Intellectuals and noblemen who had previously clung to erudite or more “academic” texts began to complement their scholarship with a business that was starting to gain ground: early modern “newspapers” or gazettes.

Earliest subscribers

Members of European courts were the earliest subscribers to manuscripts, newsletters, and other written and printed news, and the first to complain of their veracity. For example, in 1610, an early journalist writing from Venice to the Duke of Urbino shortly after the death of Henry IV explained that many believed that other European kings and even the Pope may be dead or dying. So problematic was the spread of fake news that in 1573, Pope Gregory XIII threatened all news writers and anyone who read, copied, or transmitted “libelous pamphlets.”

This questioning or blurring of truth trickled into all aspects of society. From the top of the feudal system pyramid, Niccolò Machiavelli’s The Prince (1532) was a how-to manual for governance that appeared less than 20 years after Columbus reached Hispaniola. In Chapter 18, Machiavelli argues that a prince’s word should not be fixed, but instead be quite malleable. He then underlines the importance of dissimulation in governance “so that the deceiver can always find someone he can deceive.” Here, the boundaries of the truth are stretched to their limits through dissimulation and the questioning of an authentic self in leadership.

 

Historical text or fiction?

In Don Quixote (1605), Cervantes made it clear from the first line that the text would raise many questions about veracity. The narrator is open about his desire to keep information from us. Perhaps he could tell us where this place in La Mancha is, but he chooses not to.

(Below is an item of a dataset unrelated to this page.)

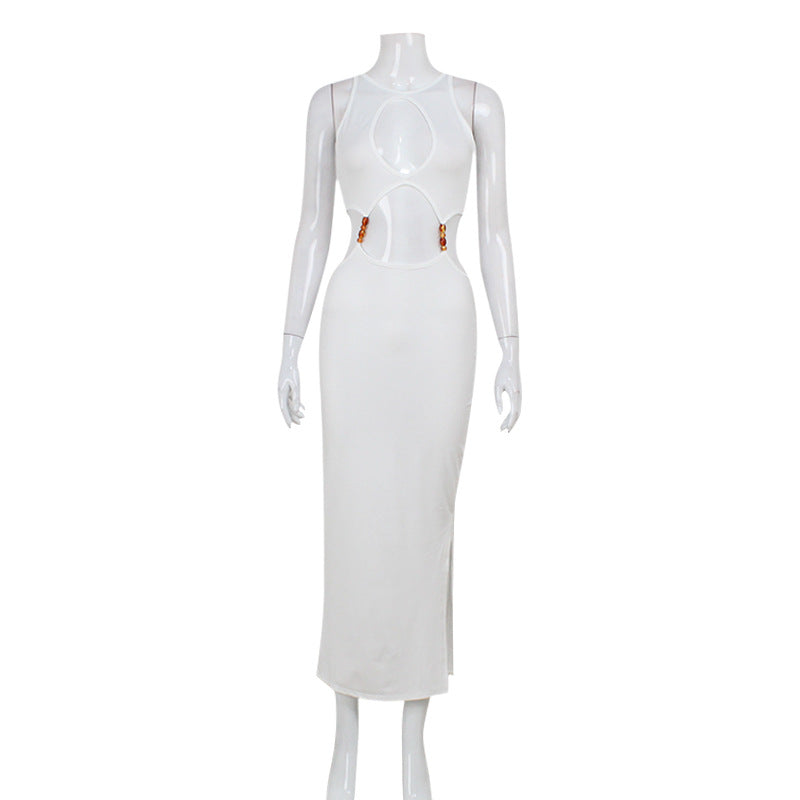 Sexy Hollow Out Cutout Long Maxi Dress w/Bead Detail in Blk or White White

After the episode with the windmills, Don Quixote comes to blows with a Basque gentleman. In the middle of their fight, the narrative stops. The reader is informed that they have been reading the transcription of a text written by a “first author,” who has compiled information regarding Don Quixote. So, the reader, especially a 17th-century reader, would have asked, is this a historical text or is this fiction?

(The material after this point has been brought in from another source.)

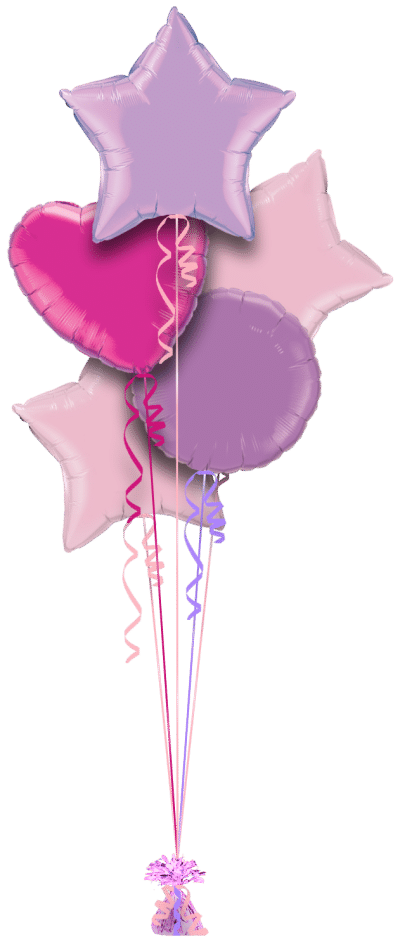 Lilac, Hot Pink and Pale Pink Balloon Bunch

Another “second author” explains his finding of yet another manuscript that continues the narration originally written in Arabic, by a historian named Cide Hamete Benengeli, which has then been translated by a bilingual morisco into Castilian. The endless versions, translations, and interpretations, filtered through multiple authors, translators, historians, and characters, closely resemble our present-day information overload.

In 1526, the painter and diplomat Peter Paul Rubens wrote to the French scholar Pierre Dupuy in Paris, seeking “Copies of public newssheets of the better sort,” in order to inform himself as best he could, since there was “no shortage of storytellers and charlatans who publish in print.” Rubens was both gaining access to more reputable news outlets and also applying good humanistic critical thinking to the deluge of “other” sources of information and disinformation that was distributed by fake news propagators.

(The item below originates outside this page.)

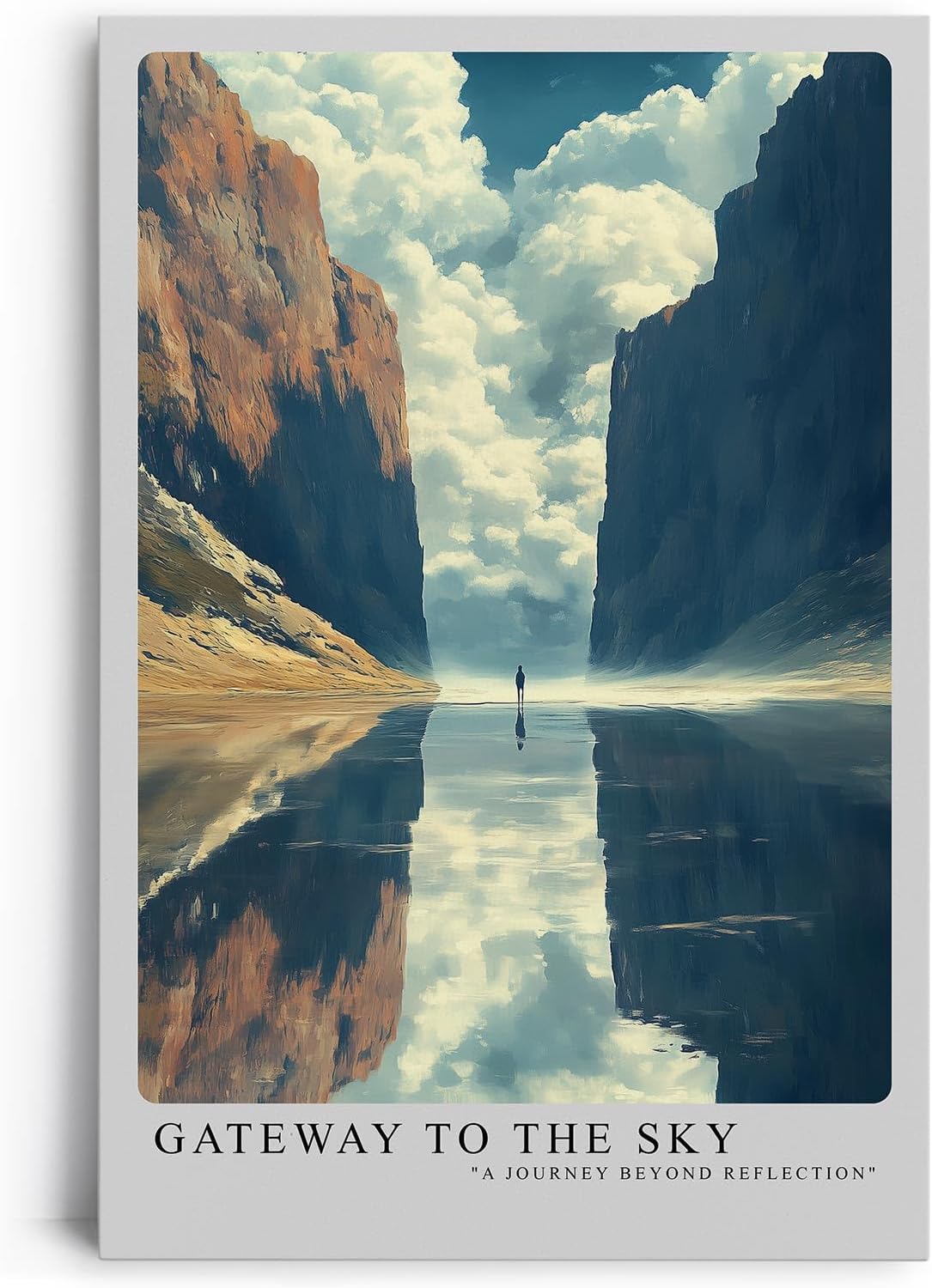 Paul Sinus Leinwandbild 80x120cm monumentale Felslandschaft mit spektakulärer Himmelsreflexion – kunstvolles Leinwandbild für moderne Raumgestaltung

Within this constant flow of information, going viral—until very recently, the aspiration of YouTubers and businesses alike—has gone back to its original semantic roots.

Critical thinking

It is no surprise, then, that critical thinking was first introduced during this time period. In fact, it was the essence of the new learning, called humanism, that opposed the antiquated scholasticism, or old learning. Humanism is a rationalist outlook or system of thought that attaches prime importance to human rather than divine or supernatural matters. The humanists not only read texts, but also questioned and interpreted the language that they were written in.

In his Method (1637), Descartes questions the veracity of all disciplines—from poetry to history and mathematics—and concludes that there are no absolute truths, so we must be our own guides.

Within this constant flow of information, going viral—until very recently, the aspiration of YouTubers and businesses alike—has gone back to its original semantic roots. So, follow Descartes and be your own humanistic and critical guide.